Even those who don’t follow Wall Street will most likely remember Washington’s 11th hour intervention back in late November, where Citi received a $20 billion cash injection and federal backing for just over $300 billion of the bank’s troubled assets. The move came just before what was widely believed to be Citi’s imminent collapse. Also a part of the deal was some breathing room for Pandit to get his firm back on track, and Cramer thinks the CEO can do it.
The bailout gives Pandit some much-needed capital and it takes some of the pressure off Citi’s balance sheet. Washington also left the bank’s shareholders with an arguably valuable stake, Cramer said, and provided some incentive for other investors to buy the stock. That wasn’t the case when Treasury Secretary Henry Paulson and Federal Reserve Chairman Ben Bernanke stepped in to help Fannie Mae, and definitely not Lehman Brothers.
What Cramer would really like to see is the Sheila Bair and the FDIC insure $2.5 million CDs, issued by Citi to corporations, for a .25% fee. Such a CD is just what corporate treasurers need right now, Cramer said, and it would offer funding to Citi without the need for Washington to keep printing money.
But regardless, Cramer seems confident Vikrim Pandit can redeem Citigroup. After all, Pandit was the architect of Citigroup’s turnaround back in 1991. And if he could do that as just a young investment banker, then he has a good chance of untangling the mess left behind by former CEO Chuck Prince.
So if Pandit’s coming off the Wall of Shame, then who will take his place?
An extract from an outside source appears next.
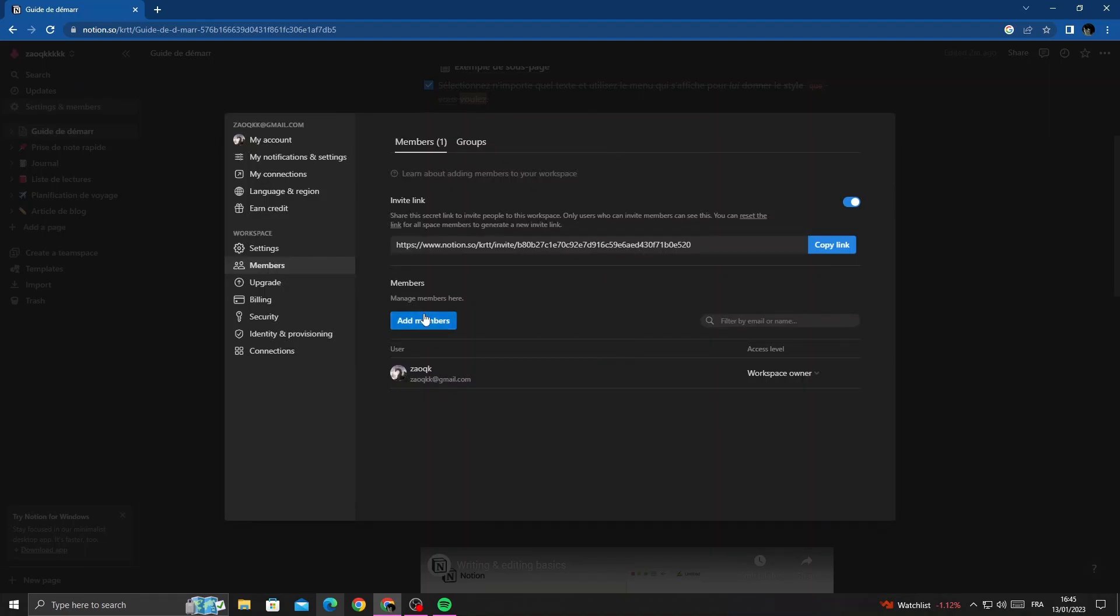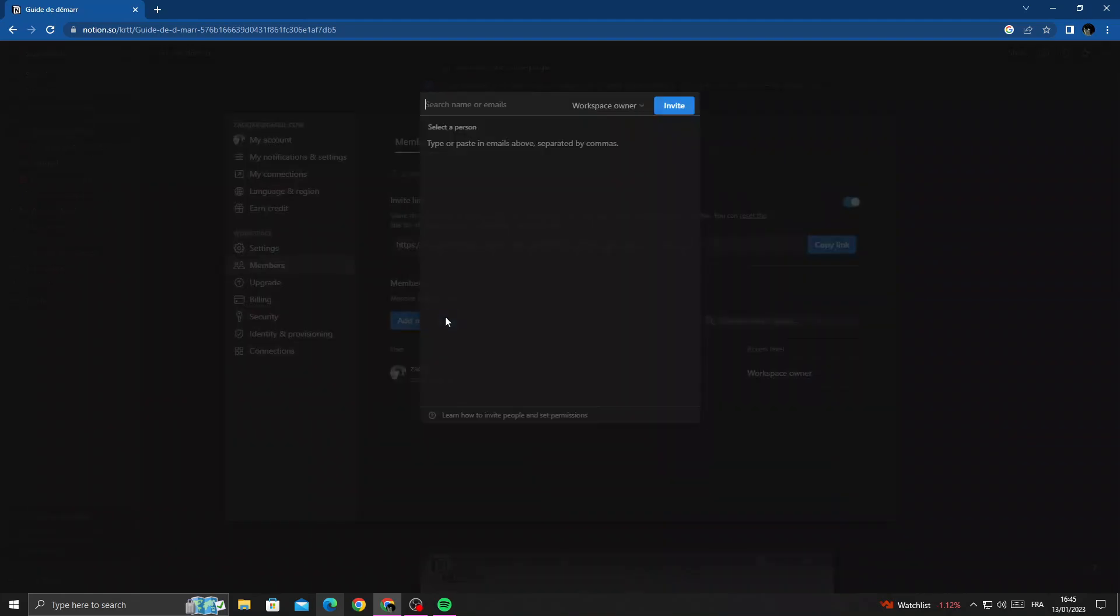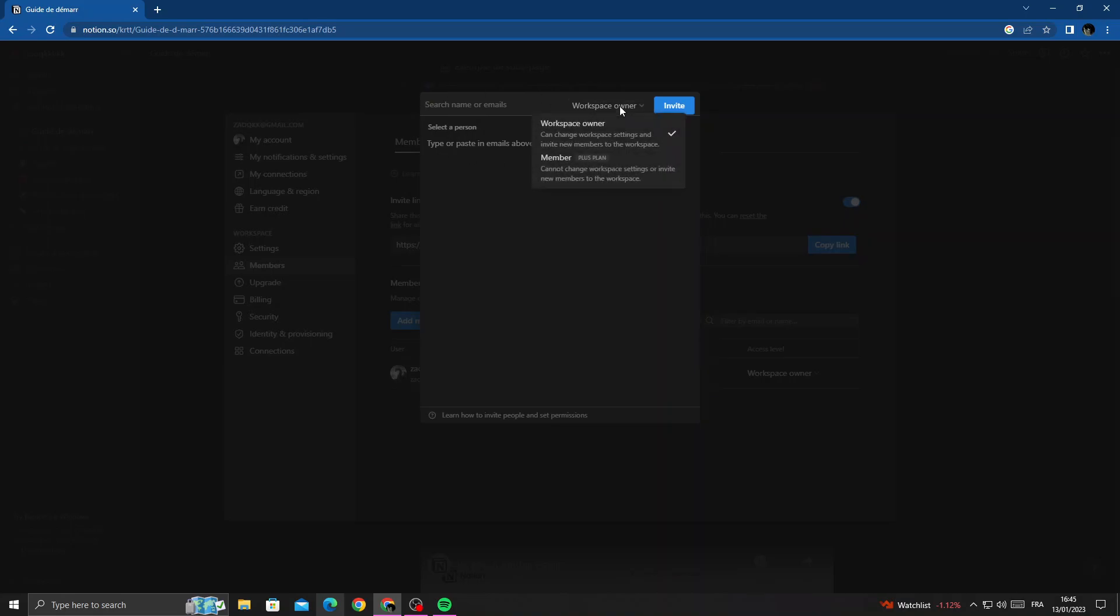Now just click on it and then type any name or email you want. That's it, then just click Invite.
That honor goes to Take-Two Interactive Executive Chairman Strauss Zelnick, who scoffed at a $25-a-share offer from Electronic Arts back in February. TTWO closed Friday at $8.43.
One more thing: Cramer has decided that to SEC Chairman Christopher Cox is so worthy of our spite and vitriol – have you noticed how he’s blaming everyone else at the SEC other than himself for Madoff’s $50 billion fraud and the market’s other regulatory problems? – that it’s actually an insult to New York Giants wide receiver Plaxico Buress to award Cox the Plaxy Good Judgment Award.
So going forward the award will be called the Christopher Cox Award for Good Judgment. And, as a way to enshrine the men who defined this era of no regulation, the Wall of Shame will henceforth be named the Cox-Madoff Memorial Wall of Shame.